New Chinese money rules threaten tide of foreign buyers in Canada and USA

Some experts are warning that the flow of Chinese money into North American markets will slow to a trickle this year, due to new monetary rules and stronger enforcement....
"Strict new government scrutiny on Chinese people who want to convert their money into other currencies threatens to slow the rush of foreign property buying that has stoked sky-high home prices in Canada and around the world.
For months, China has sought to dam the flood of money pouring out of its borders, which has rapidly diminished its stockpile of foreign reserves.
It has raised new barriers to companies buying abroad and moving money out of the country.
Now, authorities in China are taking new steps to bar individuals from putting their cash into overseas markets to buy homes and other investments, a change with important implications for cities such as Vancouver and Toronto where Chinese buyers had contributed to frenzied property trading."

Others, feel this is overblown, 
"Those in the property industry, however, say they aren’t worried Chinese buying will stop. In the first few days under the new policy, clients have asked questions, but, “I haven’t seen any anecdotal reasons to believe that there will be a drop in inquiry levels from a year earlier,” Charles Pittar, chief executive officer of Juwai.com, the top international property website for Chinese buyers, said in an e-mailed statement.
Rather than dry up, he expects Chinese home acquisitions to grow alongside rising domestic wealth and an appetite for overseas property.
“There is no doubt that Chinese buyers will set new records for international property purchase in the years to come,” Mr.
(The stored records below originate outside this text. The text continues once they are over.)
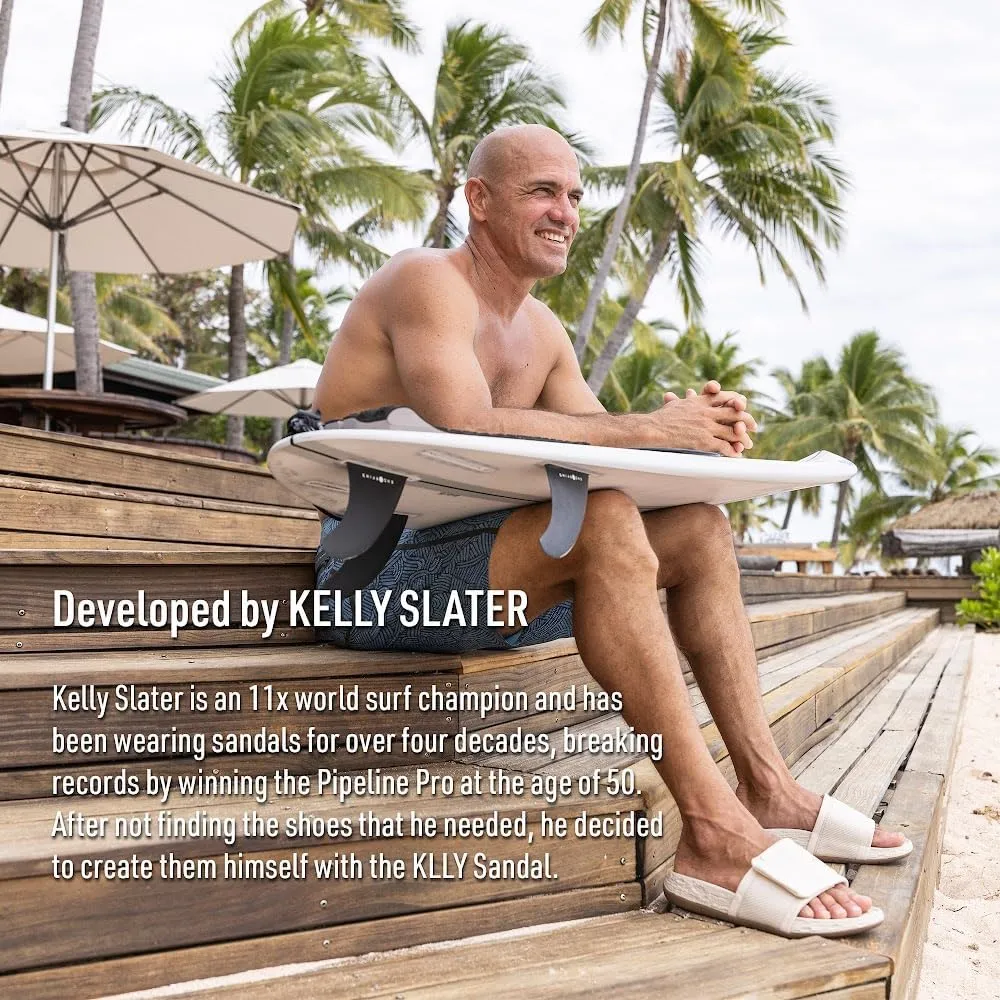 Kelly Slater Apollo Mens Slides | Water Resistant | Men's Beach Sandals | Mens Sandals | Slides For Men | Eco Friendly | Arch Support | Beach Shoes Men
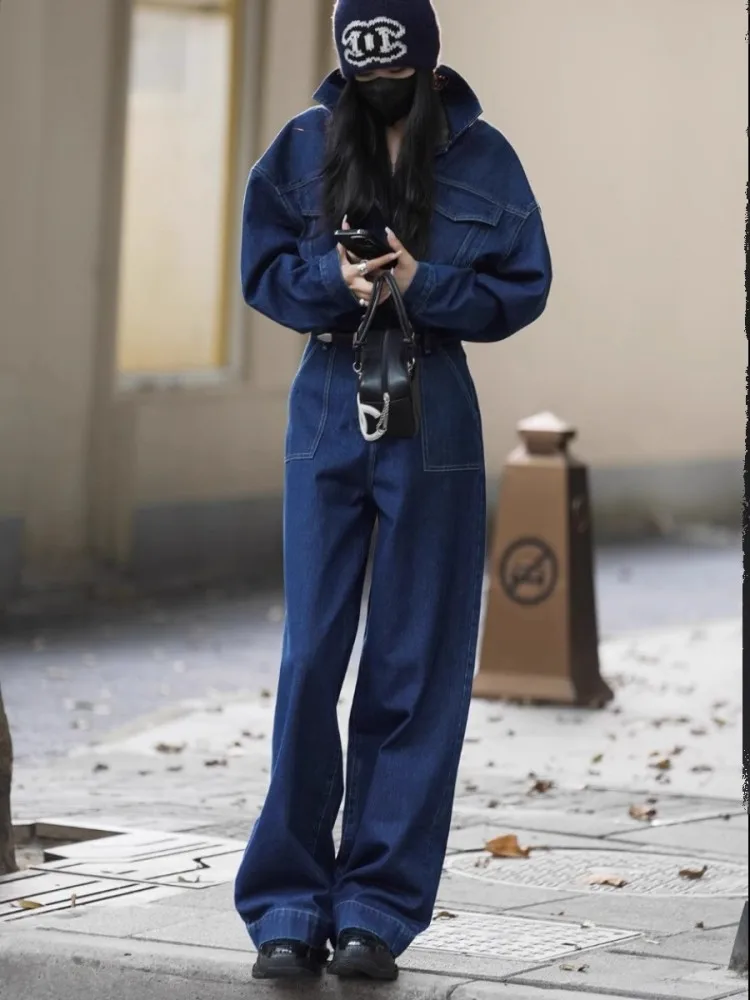 Blue Design Denim Jumpsuit Women'S Spring And Autumn Collar Fashionable Workwear Large Pocket Loose Pants 6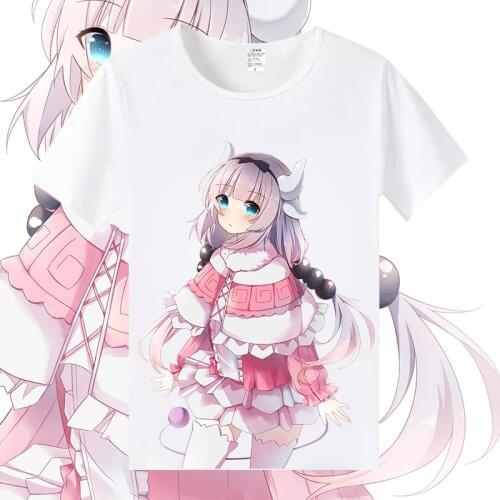 Miss Kobayashis Dragon Maid Cosplay T Shirt Toru KannaKamui Cartoon Summer T-Shirt Japanese Anime Top Tee Cosplay Costume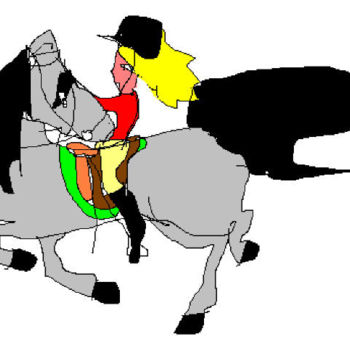 Digital Arts με τίτλο "Girl Riding grey Po…" από Henrietta, Αυθεντικά έργα τέχνης, Ψηφιακή ζωγραφική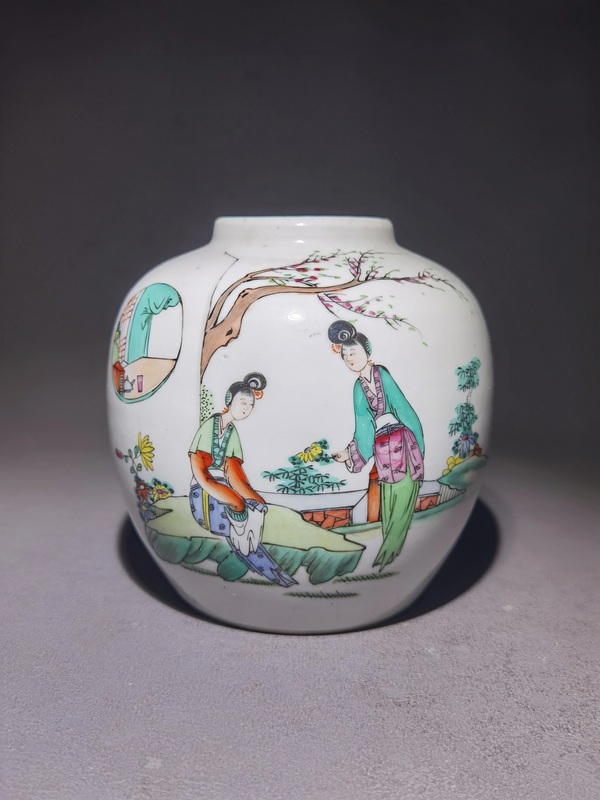 古玩陶瓷民國仕女紋粉彩罐拍賣，當(dāng)前價格1200元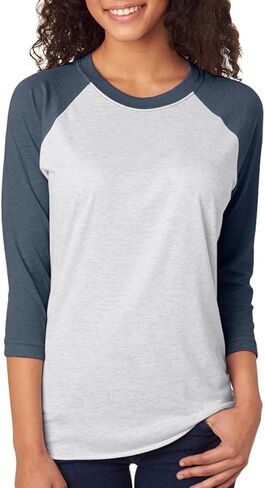 Next Level Tri-Blend 3/4 Raglan Tee, Vintage Royal/Premium Heather, Medium in Kuwait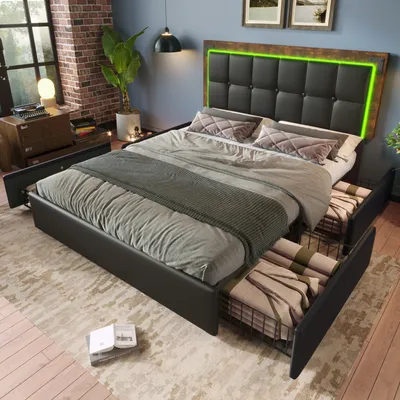 A bedroom scene featuring a bed with storage drawers and LED lighting.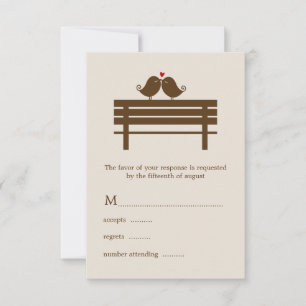 Love Birds on Park Bench 結婚's 出欠カード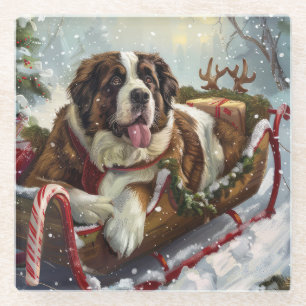 Dessous-de-verre En Verre Chien Saint-Bernard Noël Festif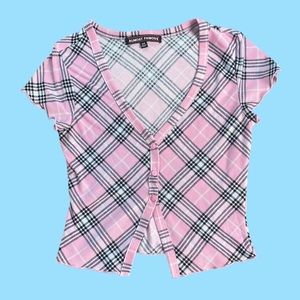 Almost Famous Pink Plaid Crop Top
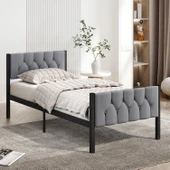 Karyola, Stil Metal Karyola, 90X200 cm, Kapitone İşlemeli Karyola thumbnail 1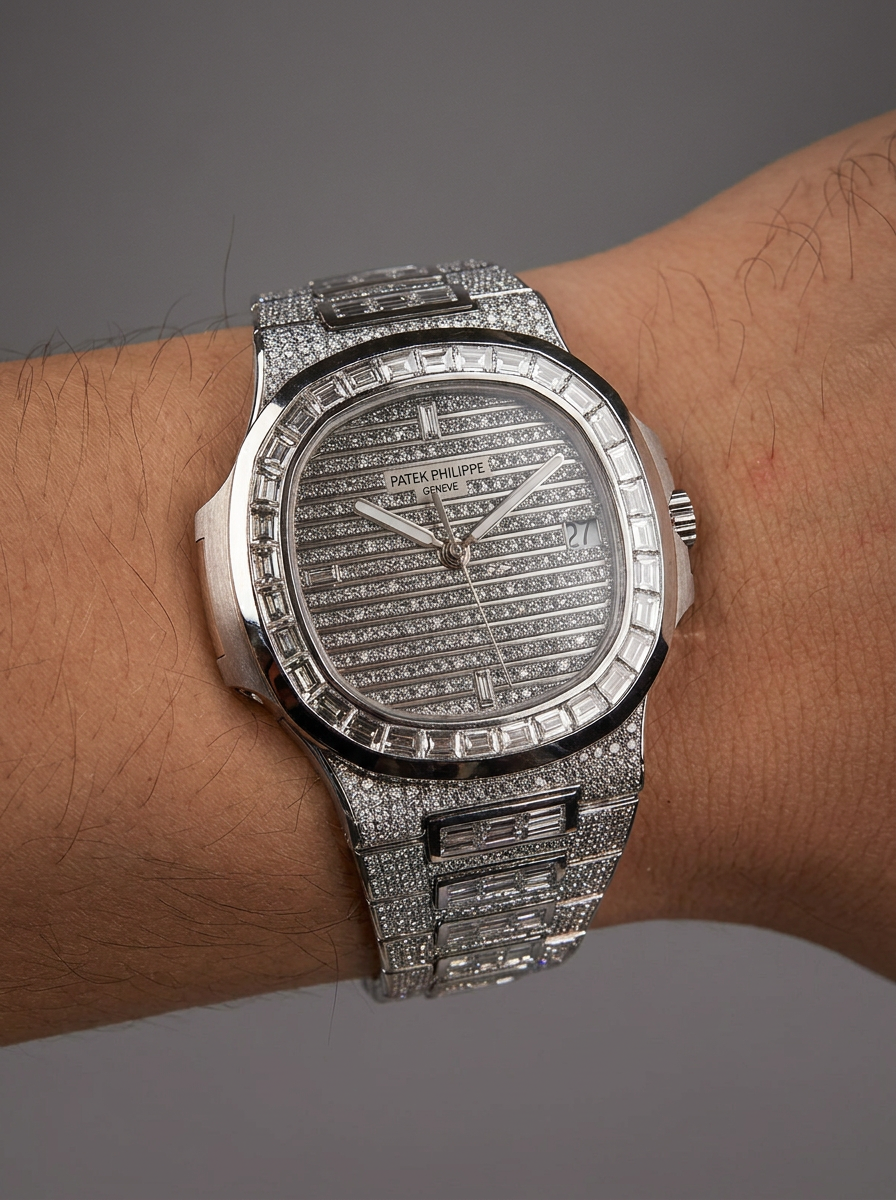 Patek Philippe Nautilus 40 mm – Full Custom – 18k White Gold with VS/SI Baguette Diamonds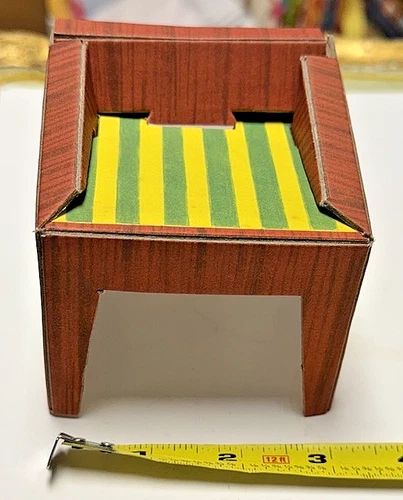 OLD VINTAGE IDEAL TAMMY TOY DOLL HOUSE CARDBOARD YELLOW GREEN STRIPED CHAIR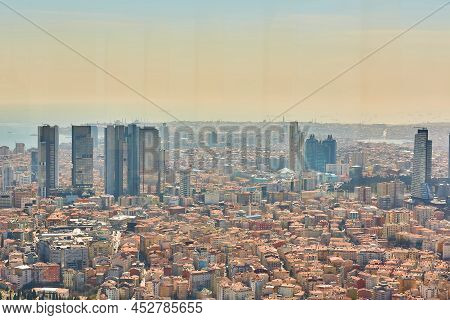 Urban Landscape Of European Side Of Istanbul And Bosphorus Strait On A Horizon. Modern Part Of City 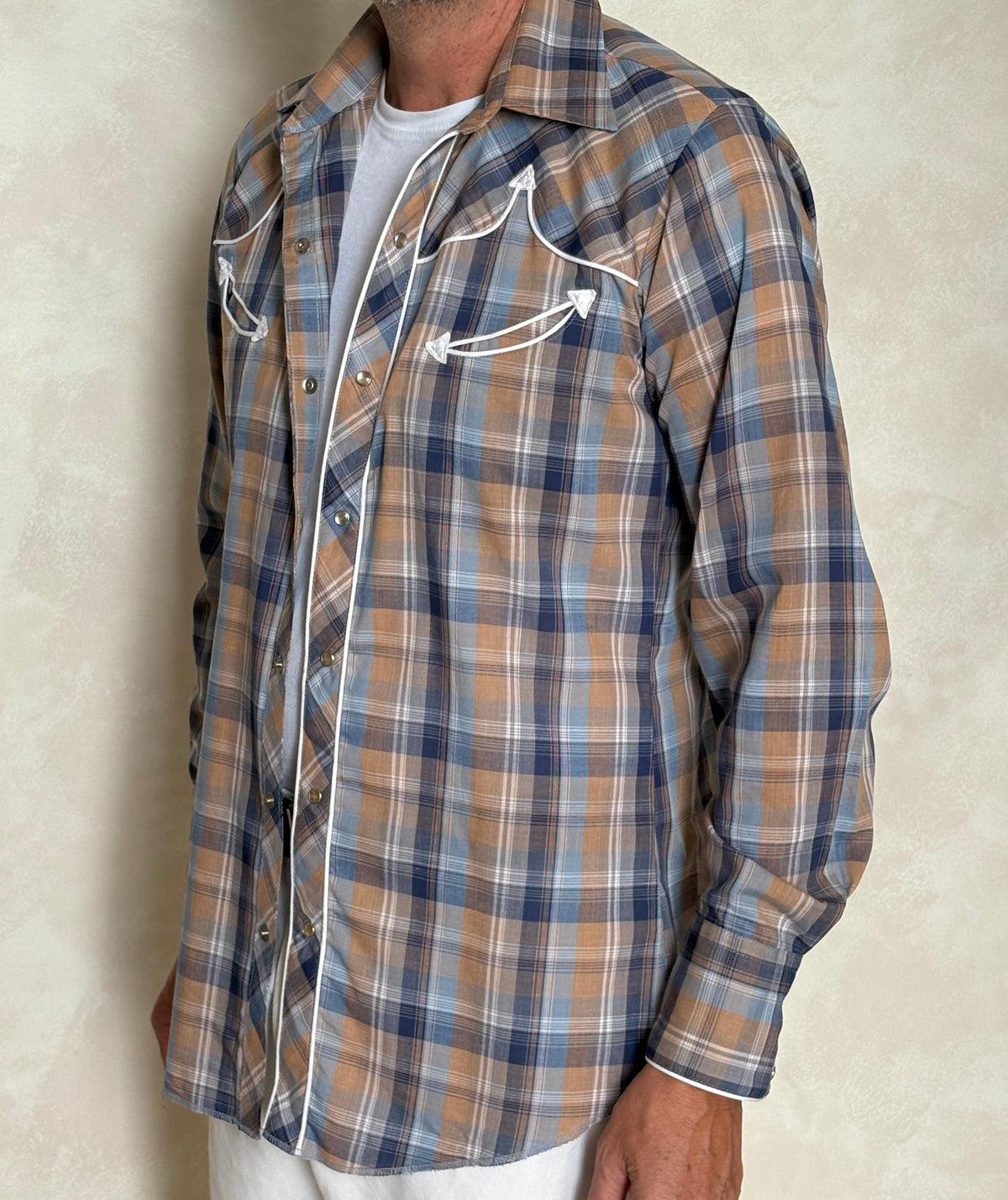 Vintage 70s TemTex Western Plaid Shirt — Pearl Snap — Size Medium Long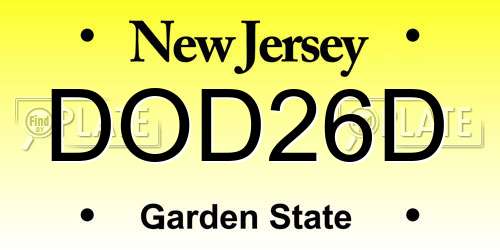 DOD26D New Jersey License Plate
Pittar said."

Only time will tell which side of this story plays out.  An interesting note in the article, is a window to the motivation behind this, "a bid to keep the country’s foreign reserves from dipping below $3-trillion, a line Beijing does not want to cross, he said. In November, China’s foreign reserves stood just $50-billion from that mark."  Followed by, "Every month, Chinese people spend between $15-billion and $20-billion abroad on services such as tourism and education. It’s a huge cash drain."